The spatial distribution of carbon emissions exhibits a clear northeast-southwest orientation, with the emissions centroid gradually shifting toward the south and west. This spatial evolution is closely linked to regional economic development patterns and national policy orientations.
A key driver of this trend is the disparity in regional economic development. Economic development is the main factor affecting the growth of carbon emissions from urban public transportation. Differences in geographic conditions, economic environment and development strategies across China have led to different regional economic growth patterns (Minarta and Ko, 2024). Carbon emissions from public transportation are mainly concentrated in China’s highly economically developed regions, which are economically developed, densely populated, and have high transportation demand, leading to a significant increase in public transportation traffic-related carbon emissions. Southern and eastern China have seen accelerated urbanization and rapid economic growth in recent years, with a concomitant increase in demand for public transport, leading to a rise in carbon emissions. For example, GDP growth rates in economic zones such as the Yangtze River Delta and Pearl River Delta are significantly higher than the national average, and the expansion of public transportation networks (the increase in subway and bus lines) has directly pushed up emissions. This phenomenon is in line with the Environmental Kuznets Curve (EKC) theory (Wang Q. et al., 2024), which states that in the early stages of economic development, environmental pressures increase with economic growth, but after reaching a certain level, environmental quality is expected to improve with technological advances and policy interventions (He et al., 2023).
Policy interventions have also significantly influenced the spatial distribution of carbon emissions from public transportation. For example, the Western Development and the Belt and Road Initiative have promoted the construction of transportation infrastructure in the central and western regions, and between 2020 and 2022, China has built several new high-speed railways and urban rail lines in the central and western regions, expanding the coverage and utilization of public transportation (Xia et al., 2025). However, this has also brought about a short-term increase in carbon emissions. In the future, policy design will need to seek a balance between economic development and emission reduction targets, for example, by promoting low-carbon transportation technologies to ease the pressure on emissions.
5.2 Decoupling effects between economic growth and public transpotation carbon emissions
From 2018 to 2022, different city classes exhibited distinct decoupling patterns between public transportation carbon emissions and economic growth, reflecting variations in developmental stages, governance capacity, and external influences such as policy orientation, technological advances, and epidemics. Tier-1cities and megacities (Class I) followed a complex trajectory. In the early years, the rapid expansion of transit networks led to increases in ridership, service mileage, and associated emissions. However, the implementation of “Carbon Peak” and “Green Mobility” policies (Zhan et al., 2024), along with targeted investments in new energy vehicles, direct current (DC) traction systems, and intelligent dispatch technologies, gradually restructured travel patterns. Prioritization of bus systems and the extension of urban rail contributed to a shift toward more sustainable mobility modes, resulting in a strong decoupling effect by 2021–2022. In contrast, economically vibrant provincial capitals and regional centers (Class II) experienced a more consistent and smooth decoupling process. Under the guidance of green transport objectives outlined in the 14th Five-Year Plan, these cities expanded charging infrastructure, accelerated fleet electrification, and improved multimodal interchanges. Consequently, carbon intensity declined steadily, and strong decoupling was achieved by 2022.
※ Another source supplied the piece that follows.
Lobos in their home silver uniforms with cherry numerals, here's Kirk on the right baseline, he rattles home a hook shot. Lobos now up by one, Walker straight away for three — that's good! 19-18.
Emerging city clusters and resource-based cities (Class III) experiences significant fluctuations during the decoupling process. Before the epidemic, these cities were rapidly expanding their public transportation networks. The increase in route mileage and vehicle deployment initially led to negative decoupling (SND), as carbon emissions grew despite economic progress. During the epidemic, emissions briefly dropped due to a sharp decline in passenger traffic. However, once the economy and travel demand recovered, operational inefficiencies and reliance on a single energy source resurfaced. By 2021–2022, the introduction of smart dispatch systems and new energy demonstration operations helped these cities shift toward strong decoupling. However, to maintain this progress, cities must consolidate their operational resilience and accelerate technological advancements. Cities in the smallest and slowest-developing Category IV were hindered by a low passenger base, an underdeveloped public transportation network, and both financial and demand constraints. This led to repeated cycles of decoupling and back-coupling. Nevertheless, by 2022, these cities achieved a more stable state, primarily at the strong decoupling level. Moving forward, cities must tailor their policy implementation and technology adoption to their specific circumstances in order to fully decouple the public transportation sector in the future.
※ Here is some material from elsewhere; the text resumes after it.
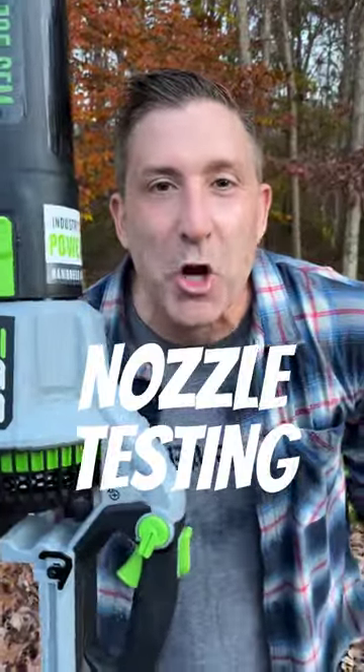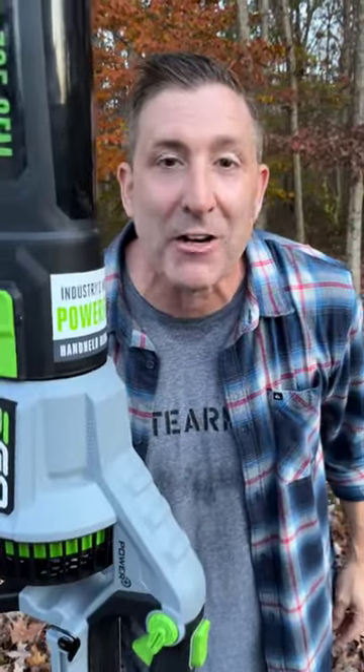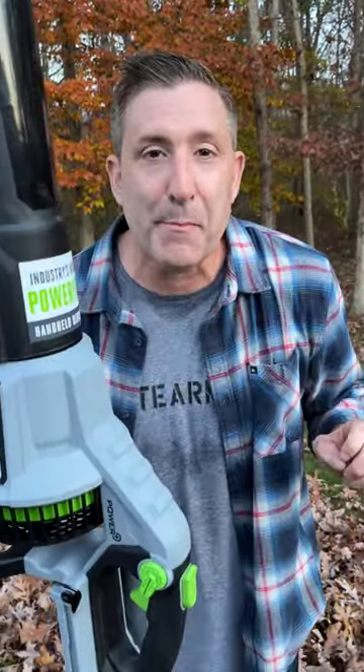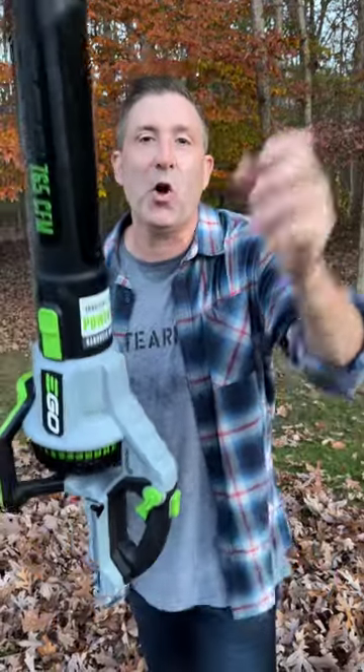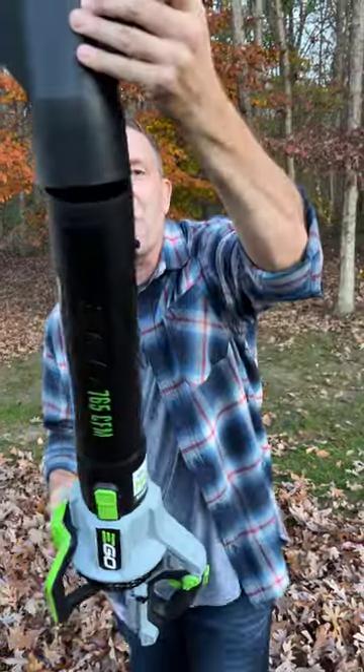Today we answer that age-old question: how does your nozzle fit on your nozzle? This is the Ego 765 CFM battery-powered leaf blower, the most powerful battery-powered leaf blower you can buy. It is sold with the standard nozzle, just a standard nozzle. Next up we have a wide nozzle that goes right on the end, and of course we have the tapered nozzle. So how do those nozzles affect the power and performance of this blower? We're going to find out today.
Over the past 4 years, decoupling of China’s public transportation sector has improved significantly. This progress has been made possible by a series of government policy initiatives to curb greenhouse gas emissions, particularly the 2030 “peak carbon” and 2060 “carbon neutral” targets. As a major source of carbon emissions, the low-carbon transformation of transportation has been raised to an unprecedented level. Currently, China is in a critical period of green transportation planning, with the “Outline for the Construction of a Strong Transportation State,” “Green Travel Action Plan,” and “Public Transportation Priority Development Plan” all coming out one after another, emphasizing the significant reduction of carbon emissions from public transportation through the promotion of electrification of buses, optimization of the rail network, and the electrification of cabs and online cab rides. At the international level, Tokyo’s Zero Emission Tokyo Strategy (Goto, 2024), Los Angeles’ Mobility Plan 2035 (Planning, 2015), Singapore’s Green Plan 2030 (Plan, 2023), and the UK’s Road to Zero Strategy have demonstrated diverse paths for low-carbon transportation policies. Domestically, institutional design has also been continuously strengthened. The Regulations on the Construction and Management of Public Transportation put forward stricter entry conditions for the planning and construction of bus, rail and cab networks, including indicators such as public budget revenue, gross regional product, urban resident population and passenger flow size.
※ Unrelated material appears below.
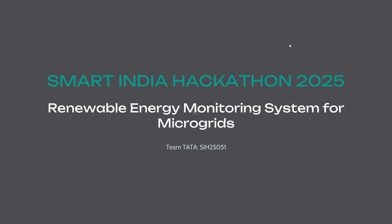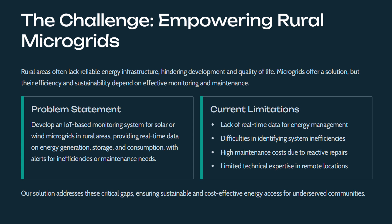Hey guys, I will be talking about the Smart India Hackathon and the idea that we have chosen: renewable energy monitoring systems for microgrids. The challenge is empowering rural microgrids. Rural areas often lack reliable energy infrastructure, hindering development and quality of life. Microgrids offer a solution, but their efficiency and sustainability depend on effective monitoring and maintenance. Our solution addresses these critical gaps, ensuring sustainable and cost-effective energy access for underserved communities.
5.3 Variations in factors influencing the LMDI decomposition of public transportation carbon emissions
Under the extended Kaya framework, decomposition results based on the LMDI methodology show that the level of carbon emission intensity (CEI), line density (LDI), transportation intensity (TRI), economic activity (ECA) and population scale (POP) collectively drive public transportation carbon emissions, but their roles vary significantly across years and city types. Overall, ECA, LDI, and POP have exerted a sustained upward pressure on emissions over the 2018–2022 period-reflecting accelerating GDP growth, network expansion, and urbanization. Meanwhile, TRI has consistently had a dampening effect on emissions, suggesting that increasing per-unit efficiency has counteracted some of the emissions growth. The impact of CEI has fluctuated over time: in most years, it has been dampened by technological advances in energy efficiency. However, during 2020–2021, its negative contribution turned positive when passenger traffic rebounded faster than efficiency gains during the recovery phase.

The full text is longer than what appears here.